9 de maio de 2009

Colhendo Acerolas

A lua iluminava brevemente a terra na noite em que me vi de perto.
Tinha acabado de chegar de minhas ocupações escolares e cansado por mais um dia de trabalho. Da pia os pratos calados me olhavam pedindo um banho e meu corpo, que pedia descanso, foi vencido pela mania de limpeza.

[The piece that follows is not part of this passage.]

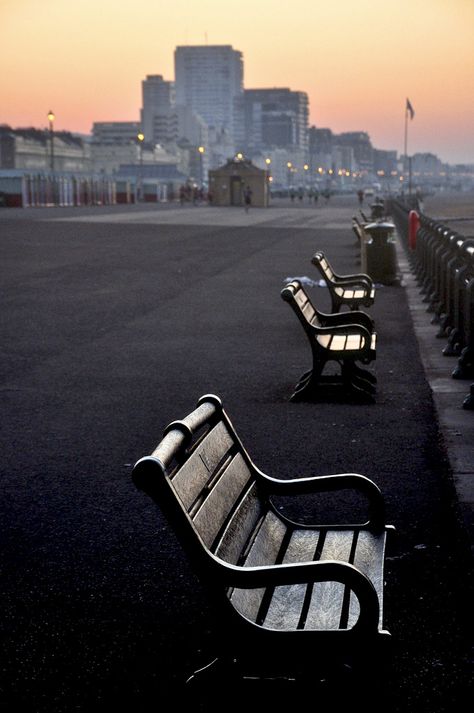 Brighton seafront at dawn Brighton Photography, Brighton Townhouse, Brighton Rock, Marina Village, Brighton England, British Seaside, Brighton Uk, New Brighton, New York City Travel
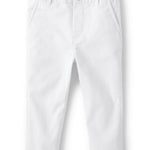 The Children's Place Baby Boys' and Toddler Stretch Skinny Chino Pants, Simply White, 12-18 Months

Pus-me a lavar a louça despretensiosamente, mas foi me surgindo uma fome repentina – não era literalmente fome, apenas vontade de comer – e comecei a imaginar as possibilidades. Naquele momento estaria mentido se dissesse que havia abundancia de possibilidades, mas o que importa é como um momento tão comum pode parecer e ser especial. Vi os pães e os condimentos que poderiam rechiá-los e percebi a falta do acompanhamento liquido indispensável. O horário do evento induzia um café com leite padrão, mas como o que calor local nos impõe é inquestionável, fiz um bom suco. Vi a geladeira vazia, os pacotinhos artificiais de sabores diversos – vulgos: Kisuquis – também desaparecidos, então me permiti olhar além dos limites da cozinha. No quintal, à luz de um luar discreto, dois pés de acerola reluziam graciosos ao balanço da brisa mansa. Ao acender a lâmpada, esse mini-sol criado pelos humanos, vi a beleza das frutinhas vermelhas que acenavam animadas para mim.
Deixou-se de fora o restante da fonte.